/News

July 23, 2025

Up close and personal: how the UK regulators closed the net on remote cosmetic prescribers

AlteaPlus Essential

By Will Marshall, Head of Legal and Risk Management

Up close and personal: how the UK regulators closed the net on remote cosmetic prescribers

The surge in popularity of cosmetic and aesthetic procedures such as Botox, dermal fillers, and other non-surgical treatments has brought with it increased scrutiny on prescribing practices, particularly around remote consultations. Over the past few months, three of the UK’s leading health and care regulators – the GMC, GPhC and NMC - have issued updated guidance that collectively essentially eliminates the practice of remote prescribing for cosmetic procedures in England and Wales. In this blog, we look back at how this regulatory journey has unfolded and assess its likely impact on practitioners and their service users.

The GMC leads the way

The GMC’s position on prescribing medication for non-surgical elective cosmetic treatments in the UK has long been clear. It does not like it. Its guidance stipulates that all GMC-registered medical practitioners must conduct a face-to-face physical examination before prescribing any injectable cosmetic medicine, such as Botox, Dysport, Vistabel or hyaluronidase.

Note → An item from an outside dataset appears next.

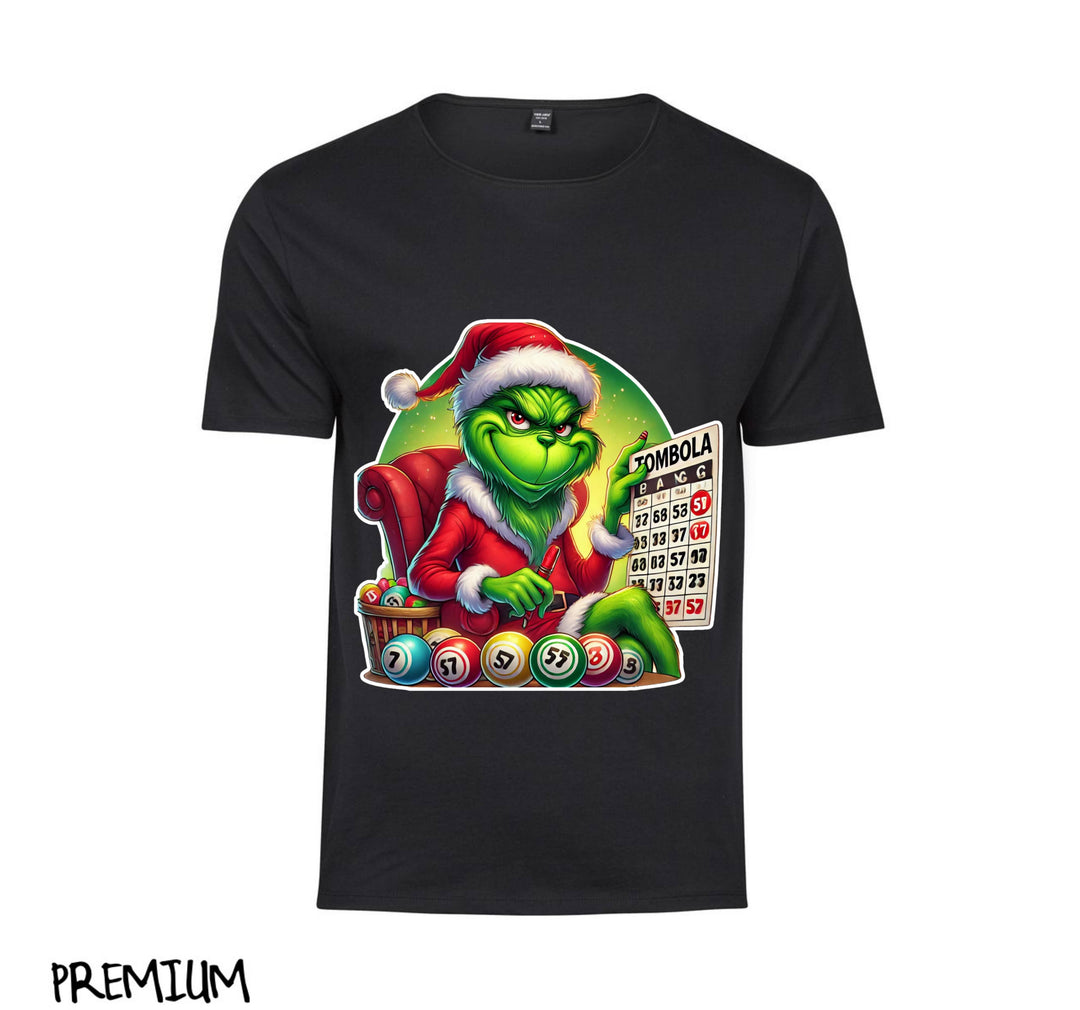 T-shirt Donna TOMBOLA ( TO45908734 ) - Gufetto Brand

Practitioners are prohibited from prescribing these medicines remotely, and any form of remote prescribing (whether via phone, video, online, or at another person’s request without examination) is not permitted.

The GMC first adopted this position in 2012 when it announced a clear ban on remote prescribing by doctors of cosmetic injectables. This directive was formally integrated into the GMC’s Guidance for Doctors Who Offer Cosmetic Interventions, which has been effective from 1 June 2016. Paragraph 11 of this Guidance mandates in-person exams before prescribing injectables:

‘You must carry out a physical examination of patients before prescribing injectable cosmetic medicines. You must not therefore prescribe these medicines by telephone, video link, online or at the request of others for patients you have not examined.’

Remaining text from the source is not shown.